Casualties and losses
- 16 killed 4 injured 1 missing: none

= Sanam ambush =

On December 25, 2019, Islamic State in the Greater Sahara (ISGS) militants attacked Nigerien forces in Sanam, Tillabéri Region, Niger.

== Background ==
Since the Islamic State in the Greater Sahara became an official province of the Islamic State in 2016, the insurgency between ISGS and the Nigerien government has polarized communities in western Niger's Tillabéri Region. The ISGS, predominantly composed of Fulani fighters, attacked Daoussahak Tuareg villages, prompting Daoussahak and other ethnic minorities in the region to ally themselves with the Mali-based GATIA and Movement for the Salvation of Azawad, themselves allied with the French Operation Barkhane.

== Ambush ==
At the time of the attack, the Nigerien soldiers were escorting electoral officials who had been helping residents register to vote when they were ambushed by ISGS fighters.
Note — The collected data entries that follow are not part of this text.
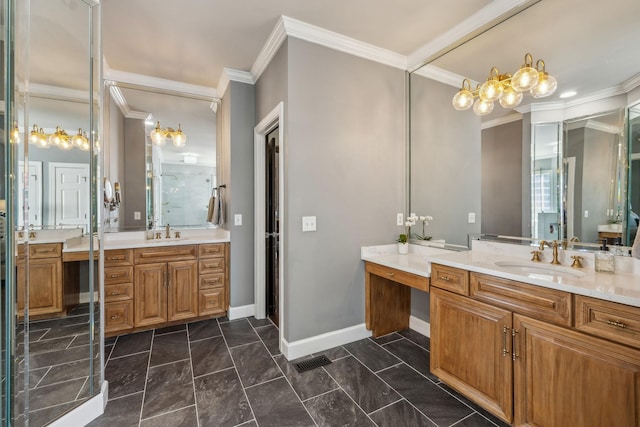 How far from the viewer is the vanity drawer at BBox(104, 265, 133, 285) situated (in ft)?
8.46

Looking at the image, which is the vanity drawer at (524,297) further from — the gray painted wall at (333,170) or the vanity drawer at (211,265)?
the vanity drawer at (211,265)

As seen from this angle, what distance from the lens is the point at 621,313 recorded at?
3.72ft

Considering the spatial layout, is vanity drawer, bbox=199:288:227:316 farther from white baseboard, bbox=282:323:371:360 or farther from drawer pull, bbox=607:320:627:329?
drawer pull, bbox=607:320:627:329

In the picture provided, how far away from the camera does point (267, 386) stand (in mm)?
1925

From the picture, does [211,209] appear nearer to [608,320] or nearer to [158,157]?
[158,157]

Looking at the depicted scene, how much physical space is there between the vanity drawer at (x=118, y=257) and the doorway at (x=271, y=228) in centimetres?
129

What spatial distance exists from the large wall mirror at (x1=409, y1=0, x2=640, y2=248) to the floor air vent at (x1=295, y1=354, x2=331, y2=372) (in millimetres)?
1496

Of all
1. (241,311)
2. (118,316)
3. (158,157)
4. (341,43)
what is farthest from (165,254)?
(341,43)

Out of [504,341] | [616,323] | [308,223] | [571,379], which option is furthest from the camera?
[308,223]

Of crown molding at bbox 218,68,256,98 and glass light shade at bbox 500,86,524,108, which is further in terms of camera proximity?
crown molding at bbox 218,68,256,98

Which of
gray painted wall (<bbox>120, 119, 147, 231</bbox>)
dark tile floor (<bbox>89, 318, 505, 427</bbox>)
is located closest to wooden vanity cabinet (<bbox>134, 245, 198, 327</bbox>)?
dark tile floor (<bbox>89, 318, 505, 427</bbox>)

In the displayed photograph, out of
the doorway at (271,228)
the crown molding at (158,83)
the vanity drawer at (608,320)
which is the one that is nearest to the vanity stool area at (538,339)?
the vanity drawer at (608,320)

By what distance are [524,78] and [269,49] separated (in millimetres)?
1996

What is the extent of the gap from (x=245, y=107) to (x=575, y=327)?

The Nigerien Ministry of Defense released scant details about the ambush, but in their statement mentioned that seven gendarmes and seven national guardsmen were killed "at the end of a fierce battle." Several people were injured and one was reported missing as well. By December 30, the death toll had risen to 16 killed, four injured, and one missing. The Nigerien Ministry of Defense also stated that several ISGS jihadists were killed as well, but did not release a number. They also reported that Sanam remained under the control of Nigerien forces. ISGS claimed responsibility through ISWAP on January 14, 2020.